* _ASSIGNMENT_
Leave out the pictures and give back all the entries exactly as written.

(Stored entries)
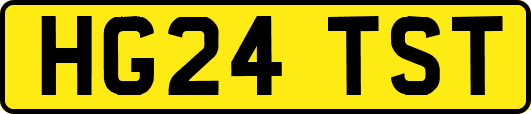 HG24TST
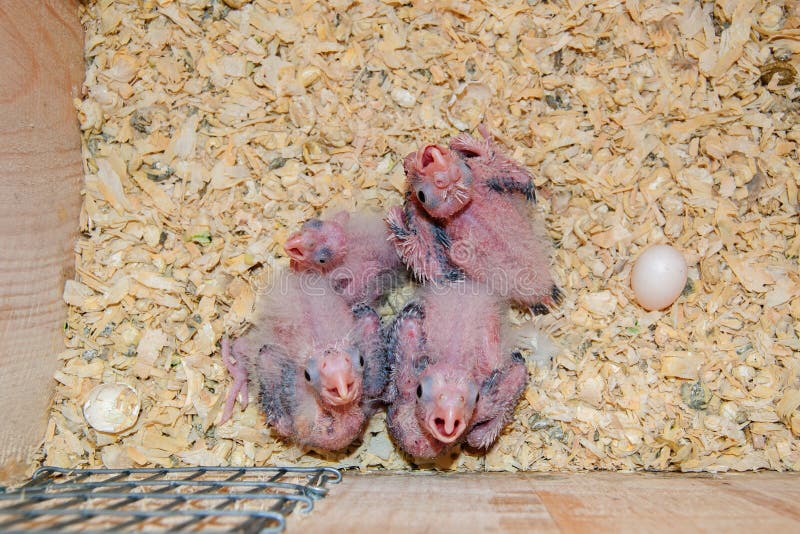 Cockatiel hatchlings stock photography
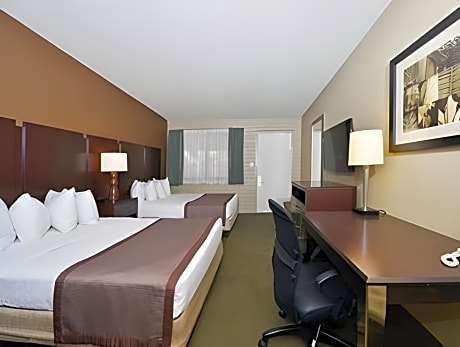 1 Bedroom Suite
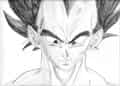 Vegeta(nochmal)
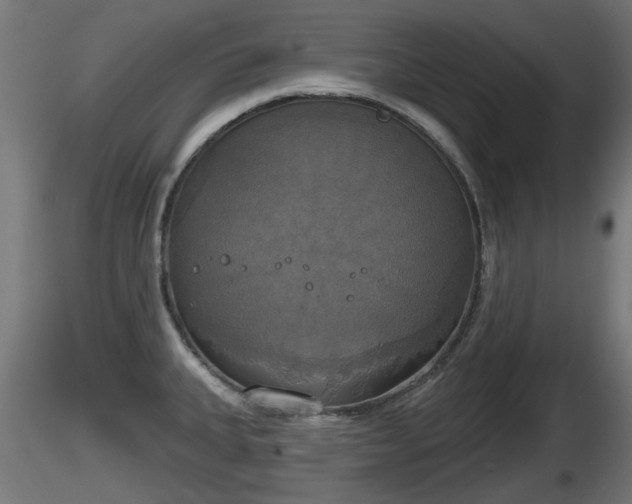 X0000116831335200912241218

* _RESPONSE TO THE TASK_
 HG24TST
 Cockatiel hatchlings stock photography
 1 Bedroom Suite
 Vegeta(nochmal)
 X0000116831335200912241218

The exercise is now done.